Dose–response relationships were analyzed by evaluating the association per 20-point increment of the PHDI, with p-values for linear trend, and using restricted cubic splines with 3 knots set at the 10th, 50th and 90th percentiles (62.9, 80.8 and 97.7 points, respectively) and adjusted as in Model 4.

We conducted several secondary analyses. We evaluated the association between the aMED, hPDI, DASH and AHEI-2010 and incident type 2 diabetes by quartiles of adherence. The same Cox-proportional-hazard regression models employed in the main analyses were used. Also, we evaluated the association between each item of the PHDI (per 2-point increment) and type 2 diabetes, as in Model 4, also calculating the PHDI score minus the item being evaluated, to assess whether a specific food component was driving the main association. To examine the potential effect modification of other variables, we conducted stratified analysis and assessed potential interactions defined as the product of the PHDI by such variables. Particularly, for sex, BMI ( < 25, 25–29.9, ≥  30 kg/m2), deprivation index (at or below the median, above the median), education (university or non-university), smoking status (never, former and current), alcohol intake (abstinent, moderate drinker, and heavy drinker), vitamin and mineral use, physical activity (at or below the median, above the median), history of diabetes, HTN, and cholesterol-lowering medication, as potential modifiers.

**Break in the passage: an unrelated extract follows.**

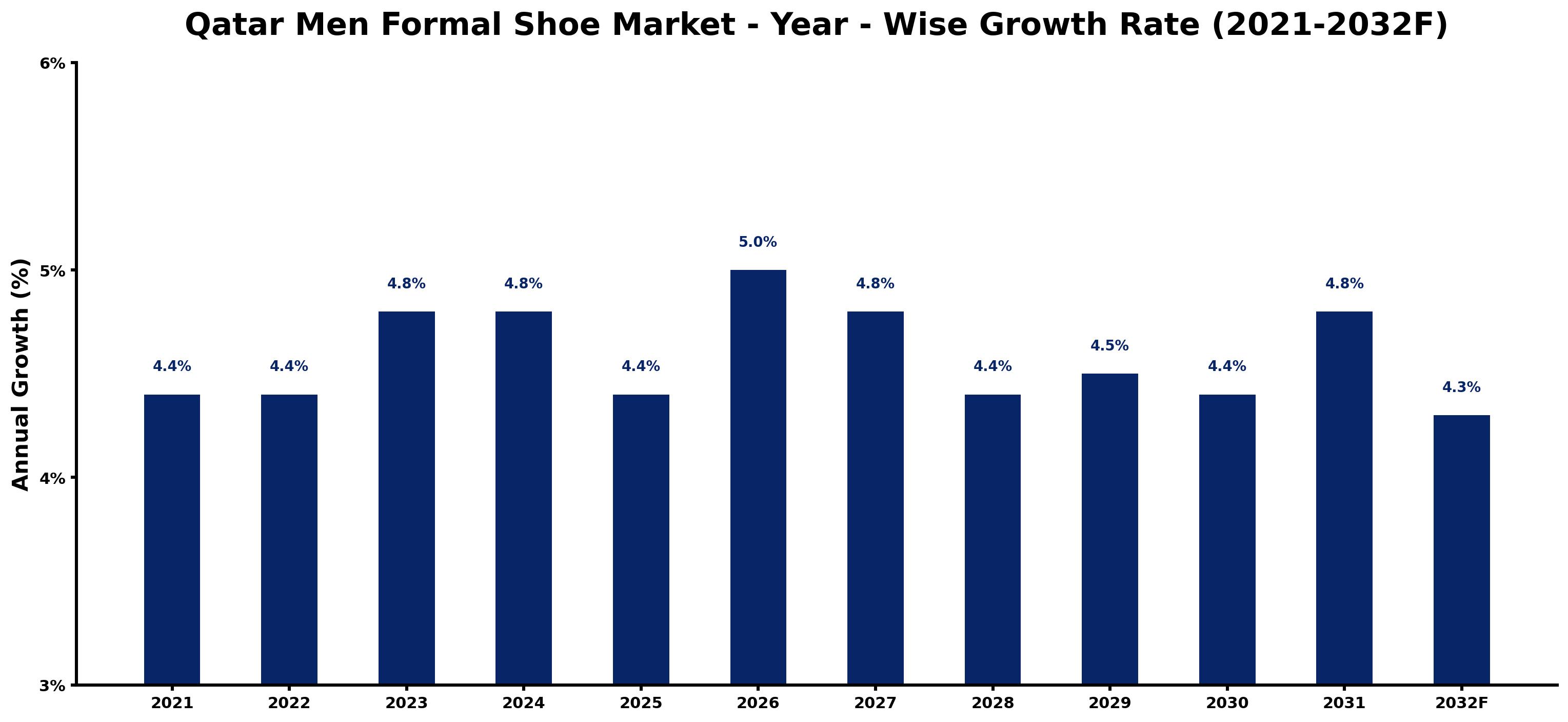 Qatar Men Formal Shoe Market Year-wise Growth Rate and Key Drivers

Lastly, in sensitivity analyses we repeated the main analyses: (1) including participants with CVD at recruitment (n = 117,709); (2) only including participants with at least three dietary assessments (n = 69,783); (3) after excluding participants who developed type 2 diabetes during the initial two years of follow-up to mitigate potential reverse causality (n = 111,728); (4) Due to limited information on unsaturated oils, the added fat component of the PHDI was estimated using the ratio of total unsaturated to saturated fats, aligned with the reference diet. This was achieved as proposed in the article by Knuppel et al. (where compliance with this item meant a ratio of 0.8 for unsaturated: saturated fat intake) [35].

The proportional hazards assumption was tested by visually inspecting plots of the survival probability by PHDI quartiles (which were rather parallel, providing no apparent evidence of violation of the assumption) and with the Schoenfeld residuals method (p < 0.001). We should note, however, that statistical tests for proportional hazards may not be necessary, as the hazard ratios are expected to vary over long follow-up periods [36].

Analyses were conducted using Stata version 17 (Stata-Corp LLC, College Station, Texas). All p-values were two-sided, and statistical significance was set at p < 0.05.